• _Directions for this task_: Copy verbatim the block of lines in the entries below whose first line contains "Egzotyczne, Kwiaty, ogród, piękny" and whose last line contains "Tommy Wavolta sukses". Leave out all other lines.

• _The input_:
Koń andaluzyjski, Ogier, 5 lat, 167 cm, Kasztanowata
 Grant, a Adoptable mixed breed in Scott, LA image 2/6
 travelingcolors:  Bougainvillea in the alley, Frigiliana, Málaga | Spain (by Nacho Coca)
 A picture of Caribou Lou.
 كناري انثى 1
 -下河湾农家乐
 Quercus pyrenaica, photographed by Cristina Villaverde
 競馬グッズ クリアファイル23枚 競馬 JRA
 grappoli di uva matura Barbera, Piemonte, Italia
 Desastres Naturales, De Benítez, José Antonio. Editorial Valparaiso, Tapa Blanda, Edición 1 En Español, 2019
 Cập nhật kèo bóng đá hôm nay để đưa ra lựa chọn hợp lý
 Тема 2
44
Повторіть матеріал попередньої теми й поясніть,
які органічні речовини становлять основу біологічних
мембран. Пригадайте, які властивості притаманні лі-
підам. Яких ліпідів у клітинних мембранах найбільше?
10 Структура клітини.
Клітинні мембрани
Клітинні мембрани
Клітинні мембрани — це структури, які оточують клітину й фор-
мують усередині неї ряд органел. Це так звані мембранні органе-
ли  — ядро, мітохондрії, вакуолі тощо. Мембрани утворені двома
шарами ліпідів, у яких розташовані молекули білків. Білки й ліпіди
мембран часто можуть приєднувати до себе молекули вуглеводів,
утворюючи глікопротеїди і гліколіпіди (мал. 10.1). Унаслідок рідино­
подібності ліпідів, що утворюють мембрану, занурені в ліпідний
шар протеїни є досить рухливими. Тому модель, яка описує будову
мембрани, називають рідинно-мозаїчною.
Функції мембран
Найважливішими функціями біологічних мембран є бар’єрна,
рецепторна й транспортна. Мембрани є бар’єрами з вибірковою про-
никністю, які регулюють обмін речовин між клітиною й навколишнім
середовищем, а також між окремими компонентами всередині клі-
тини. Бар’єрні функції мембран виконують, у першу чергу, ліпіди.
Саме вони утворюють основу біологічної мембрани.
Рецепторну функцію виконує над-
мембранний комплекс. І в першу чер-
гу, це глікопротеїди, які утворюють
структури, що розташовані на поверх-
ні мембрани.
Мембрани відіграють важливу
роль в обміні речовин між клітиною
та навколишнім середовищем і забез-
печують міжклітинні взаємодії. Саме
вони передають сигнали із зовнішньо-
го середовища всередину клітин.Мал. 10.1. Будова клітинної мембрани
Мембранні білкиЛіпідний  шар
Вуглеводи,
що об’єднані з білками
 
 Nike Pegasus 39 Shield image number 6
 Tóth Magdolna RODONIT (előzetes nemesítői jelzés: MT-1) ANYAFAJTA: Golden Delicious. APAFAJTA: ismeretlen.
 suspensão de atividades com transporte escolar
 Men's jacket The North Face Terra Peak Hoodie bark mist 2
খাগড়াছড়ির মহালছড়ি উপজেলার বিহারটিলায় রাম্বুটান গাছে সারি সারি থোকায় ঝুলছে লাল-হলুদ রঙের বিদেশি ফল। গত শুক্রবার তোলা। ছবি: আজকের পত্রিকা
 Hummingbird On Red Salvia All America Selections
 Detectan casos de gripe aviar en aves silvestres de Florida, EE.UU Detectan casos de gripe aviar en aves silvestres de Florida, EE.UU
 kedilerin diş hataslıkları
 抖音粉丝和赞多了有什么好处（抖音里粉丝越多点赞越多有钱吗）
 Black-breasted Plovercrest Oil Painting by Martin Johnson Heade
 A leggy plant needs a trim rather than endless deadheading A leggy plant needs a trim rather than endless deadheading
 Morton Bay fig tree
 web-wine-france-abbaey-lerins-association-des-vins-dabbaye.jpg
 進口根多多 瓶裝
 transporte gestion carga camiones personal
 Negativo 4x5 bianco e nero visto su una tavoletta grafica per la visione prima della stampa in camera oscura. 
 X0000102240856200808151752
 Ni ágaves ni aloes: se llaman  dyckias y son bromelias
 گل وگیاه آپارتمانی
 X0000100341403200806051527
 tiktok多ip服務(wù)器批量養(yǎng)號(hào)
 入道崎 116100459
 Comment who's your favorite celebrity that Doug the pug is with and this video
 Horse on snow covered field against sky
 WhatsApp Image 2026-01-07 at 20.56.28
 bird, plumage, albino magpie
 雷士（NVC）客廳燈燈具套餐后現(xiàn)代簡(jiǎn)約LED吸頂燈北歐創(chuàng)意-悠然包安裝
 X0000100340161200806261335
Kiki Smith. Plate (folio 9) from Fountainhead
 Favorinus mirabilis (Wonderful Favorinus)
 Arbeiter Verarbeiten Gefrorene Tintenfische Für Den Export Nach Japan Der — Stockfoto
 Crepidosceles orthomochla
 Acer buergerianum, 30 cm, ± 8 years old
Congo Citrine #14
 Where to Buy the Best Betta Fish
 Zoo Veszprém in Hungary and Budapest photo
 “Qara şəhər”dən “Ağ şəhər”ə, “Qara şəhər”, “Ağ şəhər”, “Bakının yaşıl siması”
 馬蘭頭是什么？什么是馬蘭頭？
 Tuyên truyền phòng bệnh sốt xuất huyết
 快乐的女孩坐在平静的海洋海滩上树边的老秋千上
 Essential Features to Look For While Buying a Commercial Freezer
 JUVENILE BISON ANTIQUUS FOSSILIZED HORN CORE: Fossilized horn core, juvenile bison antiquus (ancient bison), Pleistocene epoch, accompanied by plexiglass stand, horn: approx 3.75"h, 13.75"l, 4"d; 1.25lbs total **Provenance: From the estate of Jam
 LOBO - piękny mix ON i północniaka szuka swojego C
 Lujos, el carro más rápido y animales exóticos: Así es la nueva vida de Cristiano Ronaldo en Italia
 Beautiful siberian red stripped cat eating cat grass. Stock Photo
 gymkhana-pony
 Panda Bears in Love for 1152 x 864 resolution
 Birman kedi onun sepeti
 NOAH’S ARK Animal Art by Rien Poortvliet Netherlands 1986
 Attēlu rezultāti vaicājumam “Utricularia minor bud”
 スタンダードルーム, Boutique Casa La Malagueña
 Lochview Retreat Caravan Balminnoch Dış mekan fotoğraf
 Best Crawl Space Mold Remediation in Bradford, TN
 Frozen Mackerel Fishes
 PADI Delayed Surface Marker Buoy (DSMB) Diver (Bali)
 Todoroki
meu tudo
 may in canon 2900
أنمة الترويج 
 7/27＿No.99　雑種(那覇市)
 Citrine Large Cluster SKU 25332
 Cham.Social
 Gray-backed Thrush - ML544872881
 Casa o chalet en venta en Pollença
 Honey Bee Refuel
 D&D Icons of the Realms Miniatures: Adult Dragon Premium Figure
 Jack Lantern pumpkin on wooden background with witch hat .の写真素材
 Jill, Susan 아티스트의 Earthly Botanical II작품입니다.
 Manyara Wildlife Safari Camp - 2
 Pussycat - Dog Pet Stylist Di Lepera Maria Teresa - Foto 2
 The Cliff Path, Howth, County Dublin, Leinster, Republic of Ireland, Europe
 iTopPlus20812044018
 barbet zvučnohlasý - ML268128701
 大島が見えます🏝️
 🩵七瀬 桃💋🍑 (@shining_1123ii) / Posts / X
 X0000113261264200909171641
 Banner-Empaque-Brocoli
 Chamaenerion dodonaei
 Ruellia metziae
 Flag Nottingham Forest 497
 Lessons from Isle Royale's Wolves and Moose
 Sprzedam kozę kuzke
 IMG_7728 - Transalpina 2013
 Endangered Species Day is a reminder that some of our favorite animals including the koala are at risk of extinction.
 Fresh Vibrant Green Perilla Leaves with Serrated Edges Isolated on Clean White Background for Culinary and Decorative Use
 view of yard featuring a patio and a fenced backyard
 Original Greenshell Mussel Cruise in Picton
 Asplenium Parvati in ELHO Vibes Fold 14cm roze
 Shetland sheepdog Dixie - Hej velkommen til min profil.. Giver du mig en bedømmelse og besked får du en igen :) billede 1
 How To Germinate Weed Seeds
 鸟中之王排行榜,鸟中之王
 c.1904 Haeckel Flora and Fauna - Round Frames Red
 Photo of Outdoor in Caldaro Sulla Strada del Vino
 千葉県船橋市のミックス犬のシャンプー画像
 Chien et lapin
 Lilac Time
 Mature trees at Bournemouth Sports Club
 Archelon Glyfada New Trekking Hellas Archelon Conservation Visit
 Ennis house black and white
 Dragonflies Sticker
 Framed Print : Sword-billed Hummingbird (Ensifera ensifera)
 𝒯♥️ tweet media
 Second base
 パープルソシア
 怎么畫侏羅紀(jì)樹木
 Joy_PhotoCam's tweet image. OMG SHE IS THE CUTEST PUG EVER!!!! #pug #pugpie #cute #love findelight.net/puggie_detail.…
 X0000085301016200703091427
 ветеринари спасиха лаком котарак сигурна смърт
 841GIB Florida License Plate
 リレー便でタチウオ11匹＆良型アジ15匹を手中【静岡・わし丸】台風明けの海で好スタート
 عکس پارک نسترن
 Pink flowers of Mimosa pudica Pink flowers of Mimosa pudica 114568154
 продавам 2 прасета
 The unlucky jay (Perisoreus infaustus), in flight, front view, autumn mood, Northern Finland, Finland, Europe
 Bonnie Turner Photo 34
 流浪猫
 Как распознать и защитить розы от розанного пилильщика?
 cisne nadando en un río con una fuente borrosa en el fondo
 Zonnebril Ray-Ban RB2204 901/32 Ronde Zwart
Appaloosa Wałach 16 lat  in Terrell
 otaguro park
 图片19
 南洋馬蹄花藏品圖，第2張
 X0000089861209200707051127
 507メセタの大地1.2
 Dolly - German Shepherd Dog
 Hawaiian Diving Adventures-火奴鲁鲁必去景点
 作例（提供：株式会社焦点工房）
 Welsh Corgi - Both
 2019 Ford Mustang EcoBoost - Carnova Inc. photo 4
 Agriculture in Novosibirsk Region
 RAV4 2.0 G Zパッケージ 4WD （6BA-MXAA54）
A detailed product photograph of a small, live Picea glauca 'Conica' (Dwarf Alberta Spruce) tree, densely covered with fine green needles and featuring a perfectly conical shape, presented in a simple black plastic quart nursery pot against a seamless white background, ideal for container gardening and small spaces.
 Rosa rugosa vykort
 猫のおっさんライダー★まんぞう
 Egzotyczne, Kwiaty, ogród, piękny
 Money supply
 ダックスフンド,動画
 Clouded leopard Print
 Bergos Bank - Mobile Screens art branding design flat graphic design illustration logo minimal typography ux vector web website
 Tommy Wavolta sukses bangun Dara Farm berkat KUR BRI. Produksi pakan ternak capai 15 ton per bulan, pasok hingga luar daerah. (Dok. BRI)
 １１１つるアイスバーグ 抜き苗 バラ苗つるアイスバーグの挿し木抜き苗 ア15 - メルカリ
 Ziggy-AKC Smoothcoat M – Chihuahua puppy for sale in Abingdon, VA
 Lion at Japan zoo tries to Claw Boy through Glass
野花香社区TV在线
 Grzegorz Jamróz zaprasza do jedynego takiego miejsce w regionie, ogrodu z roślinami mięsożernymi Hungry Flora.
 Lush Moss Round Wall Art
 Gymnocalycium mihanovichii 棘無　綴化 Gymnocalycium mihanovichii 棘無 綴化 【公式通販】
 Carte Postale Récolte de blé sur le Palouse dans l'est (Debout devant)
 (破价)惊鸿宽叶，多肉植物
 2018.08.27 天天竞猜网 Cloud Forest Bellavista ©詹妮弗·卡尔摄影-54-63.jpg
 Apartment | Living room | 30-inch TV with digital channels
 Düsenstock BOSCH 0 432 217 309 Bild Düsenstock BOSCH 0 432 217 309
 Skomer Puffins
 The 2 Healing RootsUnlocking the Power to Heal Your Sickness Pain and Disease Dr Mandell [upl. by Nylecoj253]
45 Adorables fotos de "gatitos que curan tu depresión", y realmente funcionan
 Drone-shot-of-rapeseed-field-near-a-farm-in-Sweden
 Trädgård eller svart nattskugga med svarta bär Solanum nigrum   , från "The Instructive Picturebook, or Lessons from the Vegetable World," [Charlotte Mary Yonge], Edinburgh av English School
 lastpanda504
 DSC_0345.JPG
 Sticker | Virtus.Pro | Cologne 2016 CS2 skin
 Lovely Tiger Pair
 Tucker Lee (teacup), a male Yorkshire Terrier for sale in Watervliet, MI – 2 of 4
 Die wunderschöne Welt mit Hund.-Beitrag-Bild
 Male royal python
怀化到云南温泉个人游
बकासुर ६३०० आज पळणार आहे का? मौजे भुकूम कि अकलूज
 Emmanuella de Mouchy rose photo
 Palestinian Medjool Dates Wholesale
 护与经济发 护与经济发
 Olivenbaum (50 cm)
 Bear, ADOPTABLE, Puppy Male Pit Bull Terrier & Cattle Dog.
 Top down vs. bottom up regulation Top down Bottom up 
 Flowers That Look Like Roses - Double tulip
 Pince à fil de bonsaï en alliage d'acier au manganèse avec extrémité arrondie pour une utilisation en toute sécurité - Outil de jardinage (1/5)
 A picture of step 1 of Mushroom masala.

• _Solved exercise_:
 Egzotyczne, Kwiaty, ogród, piękny
 Money supply
 ダックスフンド,動画
 Clouded leopard Print
 Bergos Bank - Mobile Screens art branding design flat graphic design illustration logo minimal typography ux vector web website
 Tommy Wavolta sukses bangun Dara Farm berkat KUR BRI. Produksi pakan ternak capai 15 ton per bulan, pasok hingga luar daerah. (Dok. BRI)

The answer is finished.